Я закрываю глаза и улыбаюсь. Говорят, у некоторых людей бывает дежавю, а может, и у многих – будто момент уже был… Наверно, не очень радостное ощущение. У меня такого не бывает. У меня сейчас другое. Вот словно бы смотрю на себя со стороны. Нет, даже не так… Все, что внутри – ощущаю, не абстрагируюсь, но в то же время, будто я – разлита здесь, в этом парке, или даже по всему городу. И вот я – эдакий эфир и вижу девушку в белом запачканном платье, с дрожащими от весеннего ветра плечиками; с ней – совсем-совсем никого, а над нею – цветущее дерево, а над нею – все небо, тихо обнимающее небо. И ее сердце полно этим миром, влюблено в мир. Все цветки этих деревьев прорастают через ее сердце… А еще ей так плохо. Так плохо, как никогда еще не было в ее коротенькой смешной жизни. Я смотрю на нее, улыбаюсь и чувствую, как это на самом деле красиво. Именно этот момент. Потом будет много глупых слов, истерик, дурных поступков, и просто даже стыдно за нее, но этот момент – не исчезнет. Потому что я его остановила. Здесь. Сейчас. Вот такие случаются странности с моим сознанием. А дежавю – нет, дежавю никогда не было.

 

Я познакомилась с ним в метро – дождливым июньским днем. А может быть, это был вечер августа, делать совершенно нечего, и я зашла в одну знакомую галерею, а там – открытие выставки его работ, о которых я тогда оставила отзыв в альбоме, и он нашел меня по почерку три дня спустя. Или три года. Хотя нет… В подземном переходе он сидел в драных джинсах на земле и бренчал на расстроенной гитаре, и я присела рядом и стала подпевать. Ну хорошо, хорошо. Все было не так.

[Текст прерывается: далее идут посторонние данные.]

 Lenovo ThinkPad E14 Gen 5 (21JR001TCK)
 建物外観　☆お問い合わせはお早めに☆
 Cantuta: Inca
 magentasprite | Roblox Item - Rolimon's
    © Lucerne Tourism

Он пришел ко мне домой. И сказал: «буду у тебя жить». Больше ему было негде. А познакомились мы несколько лет до того, и ничего тогда романтического не произошло. И даже не пришел он ко мне, а в окно залез, на второй этаж. Прихожу вечером домой, а он сидит на моем диване с кухонным ножом в руках, весь небритый, грязненький какой-то, шмыгает носом, а вокруг опилки. А я вместо того, чтобы завопить или разораться, кто это он такой в моей квартире и что я милицию позову, я спрашиваю у него: «зачем намусорил?». Тут следует, наверно, заметить в скобках, что я вовсе не такая аккуратная, какой захотелось тогда показаться, и что без его опилок вокруг был кавардак приличный. «Карандаши тебе точу» – вот что он тогда ответил. И действительно, штук десять цветных карандашей он уже успел наточить – и причем вышло у него очень изящно, я бы так в жизни не смогла – кухонным-то ножом.

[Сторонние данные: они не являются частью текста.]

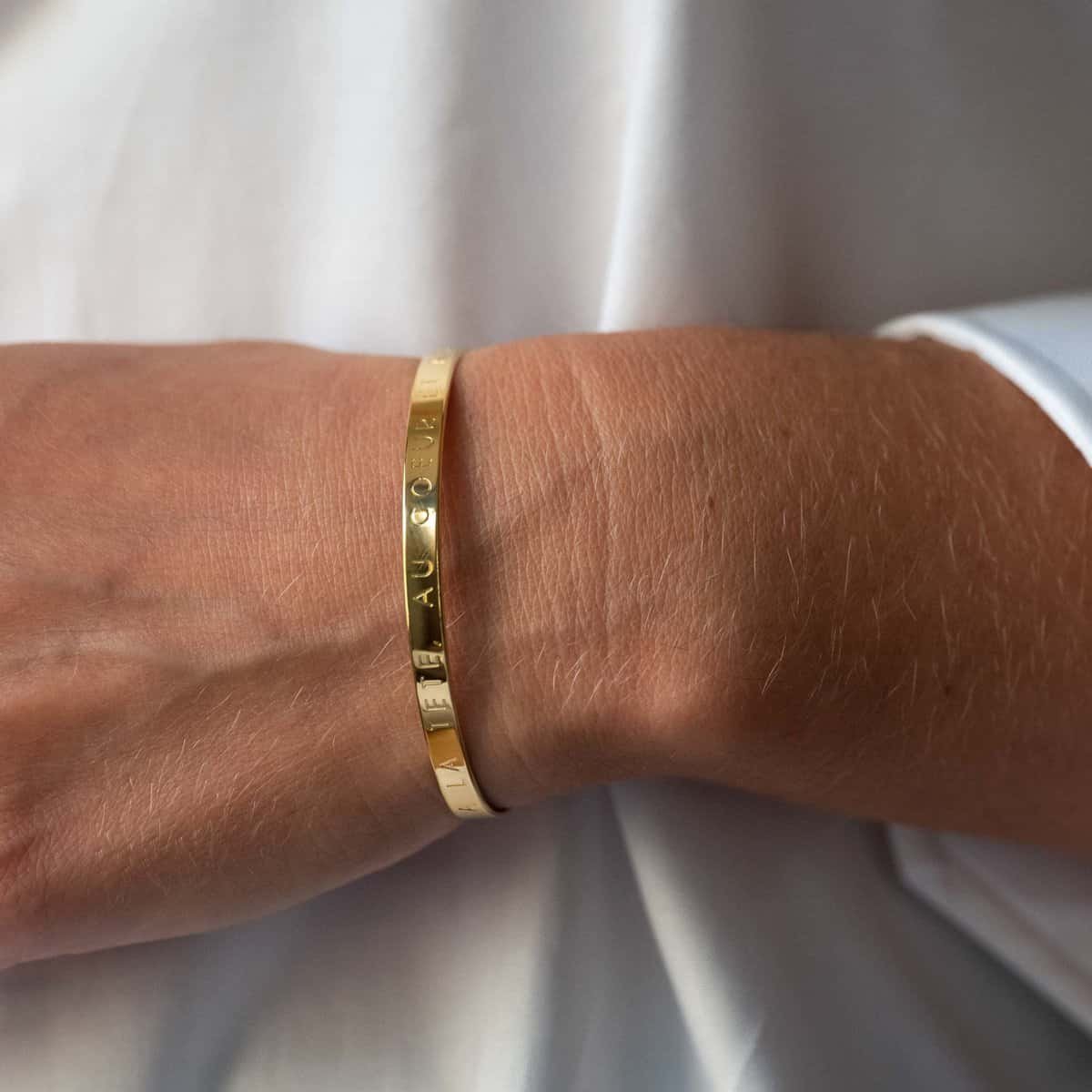 Bracelet MONHARMONIE 4 MONHARMONIE OR 1 scaled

Я села рядом с ним и как-то так несмело, будто это я напросилась к нему в гости и не на своем диване сижу. Сквозь черные его волосы, которые совсем почти скрывали лицо, угадывались своенравная линия губ и черный глаз-уголек. Теплый, но немного опасливый. «Умеешь рисовать?» – это я спрашиваю у него. Он ничего не отвечает, грустно глядит в пол, на разбросанные вокруг опилки-окурки (так, еще и надымил тут). Убираю холодными пальцами (у меня всегда руки ледяные – ужас. А у него – горячие) с его лба черные спутанные волосы, изучаю его лицо – с впалыми щеками, бледное, словно изможденное – но не физическим трудом и не болезнью. Видимо думы темные овладели его разумом… «Может, есть хочешь?» – ничего не говорит опять, и у меня такое ощущение, что он во мне тогда будто бы немного разочаровался, будто думал какое-то иное создание встретить – наверняка, нафантазировал как обычно, напридумывал себе нечто в высшей степени поэтическое… Лирический образ не совпал с пошлостью реальной действительности…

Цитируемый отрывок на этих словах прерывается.